Activity> Transcribe exactly everything in the data below from the line containing "But if we do" down to the line containing "This practice helps", both lines included and nothing further.

Records provided>

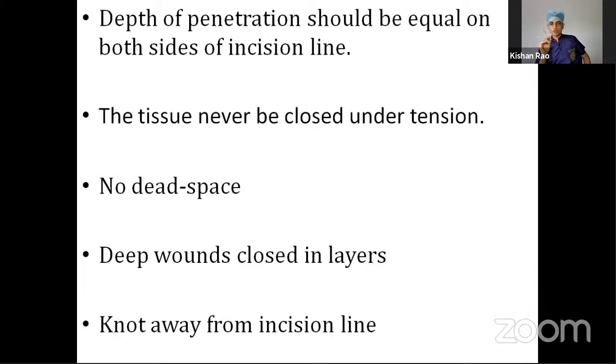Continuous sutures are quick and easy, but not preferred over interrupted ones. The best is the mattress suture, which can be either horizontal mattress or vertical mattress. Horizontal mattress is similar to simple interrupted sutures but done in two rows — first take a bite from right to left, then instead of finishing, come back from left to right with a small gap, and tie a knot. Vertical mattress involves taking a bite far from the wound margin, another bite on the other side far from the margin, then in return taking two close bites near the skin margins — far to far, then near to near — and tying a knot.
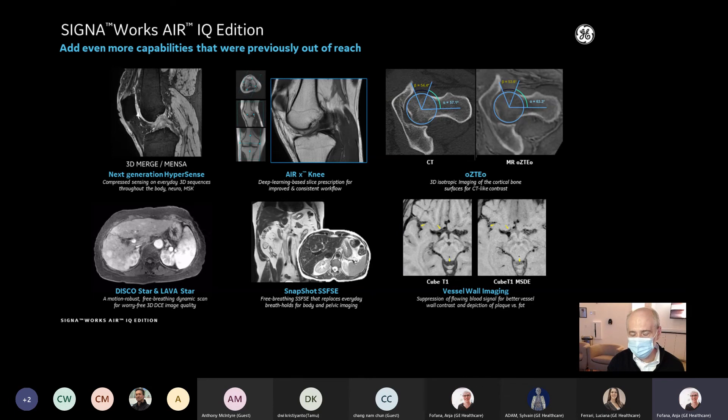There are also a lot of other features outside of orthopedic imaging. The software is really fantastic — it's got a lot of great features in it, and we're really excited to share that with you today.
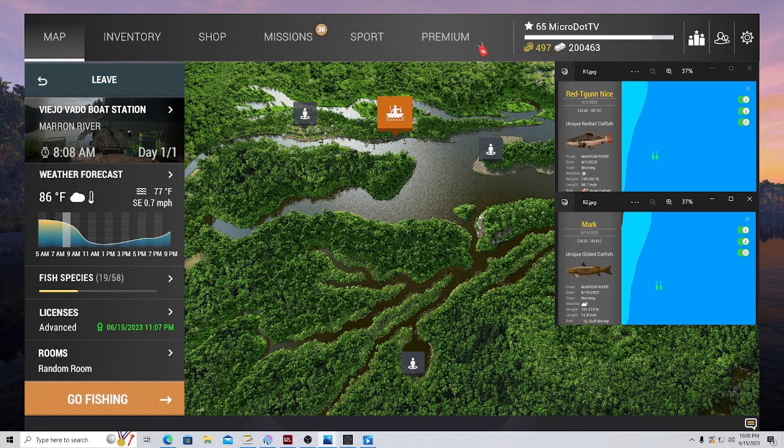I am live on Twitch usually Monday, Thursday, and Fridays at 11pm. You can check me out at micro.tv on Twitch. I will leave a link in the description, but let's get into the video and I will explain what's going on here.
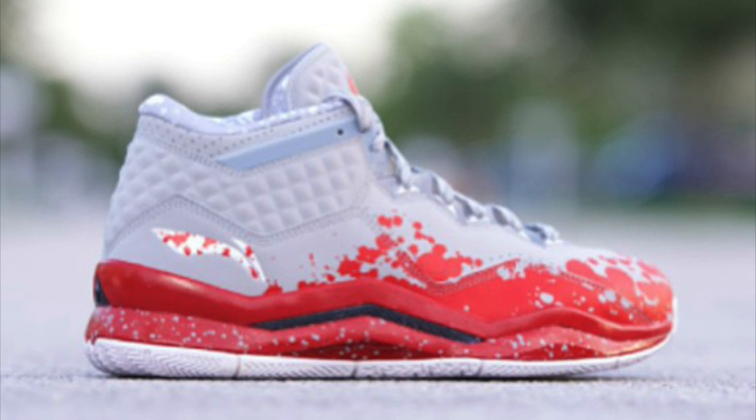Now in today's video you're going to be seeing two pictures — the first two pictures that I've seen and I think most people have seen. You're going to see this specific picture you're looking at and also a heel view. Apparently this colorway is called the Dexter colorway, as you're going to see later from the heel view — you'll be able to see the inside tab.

---

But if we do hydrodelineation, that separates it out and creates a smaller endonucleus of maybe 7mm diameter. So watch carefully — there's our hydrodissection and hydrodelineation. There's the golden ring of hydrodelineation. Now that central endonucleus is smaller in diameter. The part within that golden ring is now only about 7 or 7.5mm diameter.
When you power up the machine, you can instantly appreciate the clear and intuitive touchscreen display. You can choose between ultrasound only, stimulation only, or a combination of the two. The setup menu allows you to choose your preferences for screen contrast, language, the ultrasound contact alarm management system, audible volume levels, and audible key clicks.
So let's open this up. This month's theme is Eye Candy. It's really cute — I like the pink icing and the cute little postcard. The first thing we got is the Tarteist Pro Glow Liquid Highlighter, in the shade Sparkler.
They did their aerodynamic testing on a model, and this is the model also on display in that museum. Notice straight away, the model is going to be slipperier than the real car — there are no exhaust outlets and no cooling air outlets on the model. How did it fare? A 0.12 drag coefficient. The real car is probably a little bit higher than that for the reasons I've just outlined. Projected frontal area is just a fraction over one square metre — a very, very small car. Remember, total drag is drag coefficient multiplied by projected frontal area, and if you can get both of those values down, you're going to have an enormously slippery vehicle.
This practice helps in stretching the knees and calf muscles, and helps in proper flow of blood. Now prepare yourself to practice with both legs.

==

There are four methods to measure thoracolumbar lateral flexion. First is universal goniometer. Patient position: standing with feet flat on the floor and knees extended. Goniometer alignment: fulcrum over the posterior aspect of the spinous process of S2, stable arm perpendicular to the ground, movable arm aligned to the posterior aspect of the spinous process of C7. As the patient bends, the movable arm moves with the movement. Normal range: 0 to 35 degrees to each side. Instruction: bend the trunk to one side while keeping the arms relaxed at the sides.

Written reply>
But if we do hydrodelineation, that separates it out and creates a smaller endonucleus of maybe 7mm diameter. So watch carefully — there's our hydrodissection and hydrodelineation. There's the golden ring of hydrodelineation. Now that central endonucleus is smaller in diameter. The part within that golden ring is now only about 7 or 7.5mm diameter.
When you power up the machine, you can instantly appreciate the clear and intuitive touchscreen display. You can choose between ultrasound only, stimulation only, or a combination of the two. The setup menu allows you to choose your preferences for screen contrast, language, the ultrasound contact alarm management system, audible volume levels, and audible key clicks.
So let's open this up. This month's theme is Eye Candy. It's really cute — I like the pink icing and the cute little postcard. The first thing we got is the Tarteist Pro Glow Liquid Highlighter, in the shade Sparkler.
They did their aerodynamic testing on a model, and this is the model also on display in that museum. Notice straight away, the model is going to be slipperier than the real car — there are no exhaust outlets and no cooling air outlets on the model. How did it fare? A 0.12 drag coefficient. The real car is probably a little bit higher than that for the reasons I've just outlined. Projected frontal area is just a fraction over one square metre — a very, very small car. Remember, total drag is drag coefficient multiplied by projected frontal area, and if you can get both of those values down, you're going to have an enormously slippery vehicle.
This practice helps in stretching the knees and calf muscles, and helps in proper flow of blood. Now prepare yourself to practice with both legs.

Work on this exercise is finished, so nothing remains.